So I have come to the realization that I feel depleted of my energy, time and other resources due to a couple of reasons. Being a stay at home mom, the bulk of my job description is to take care of the home and my family. Many times I place serving them and managing the house over myself. Unfortunately, this has caused resentment to grow and fester within me.
The resentment that has grown is because God gave me a charge (or as some call it a purpose) some months back, but every time I would dedicate some time to it, I would be interrupted by something my husband or daughter needed or just life in general. Of course, this would take me off track and I would not end up doing even one thing I wanted to accomplish. So I watched a Periscope today about being intentional by planning at least one thing to do to each day this week to get you closer to your goal. This got me thinking that I really need an action plan.
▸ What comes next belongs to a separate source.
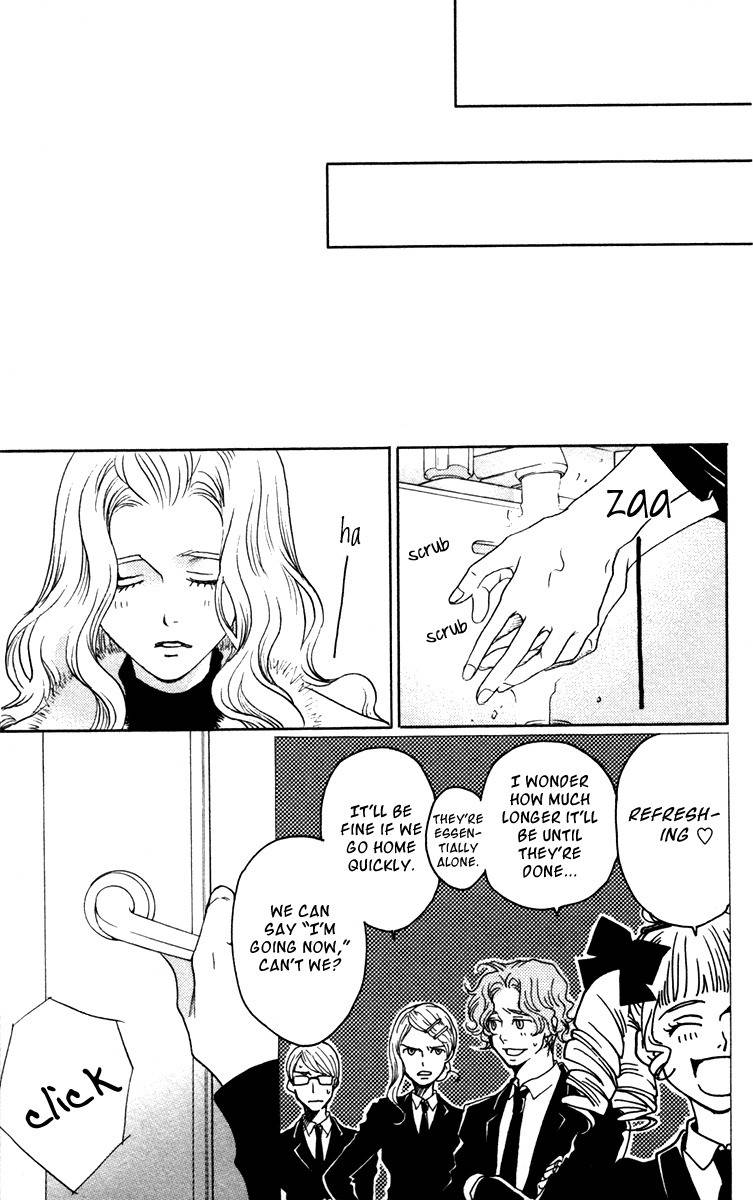 Nounai Poison Berry Chapter 8 page 17 - Chapter 8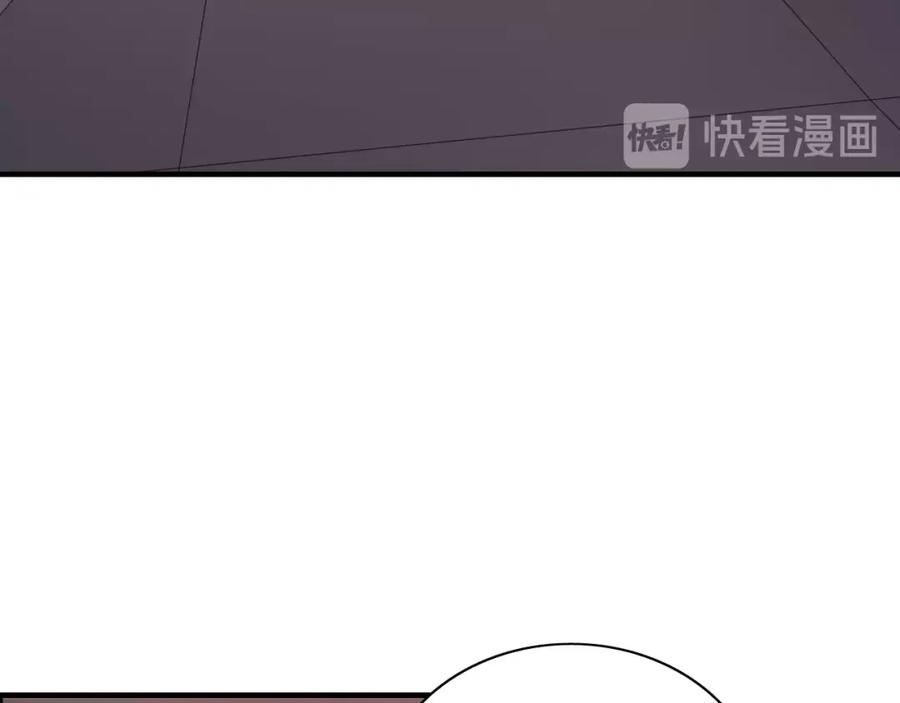 第185话绿茶女的挑衅-闪婚总裁契约妻-拈花拂柳（原著）+拾部漫画（第7张）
I have spent most of my life going with the flow and just floating wherever life took me. I now see this philosophy for living has just wasted so much time, energy and resources. At least with a plan, I can learn to be more intentional about working toward the purpose God gave me. Also, I can even plan some much needed time to make sure I am fully recharged in order to give my family the best of me each day.
Well, I am willing to take on this challenge of planning my day even if it is just one thing I plan on doing to get closer to the goal set before me. James 2:17 KJV reminds us that "Even so faith, if it hath not works, is dead, being alone." So I have my faith and now I just need to get to work!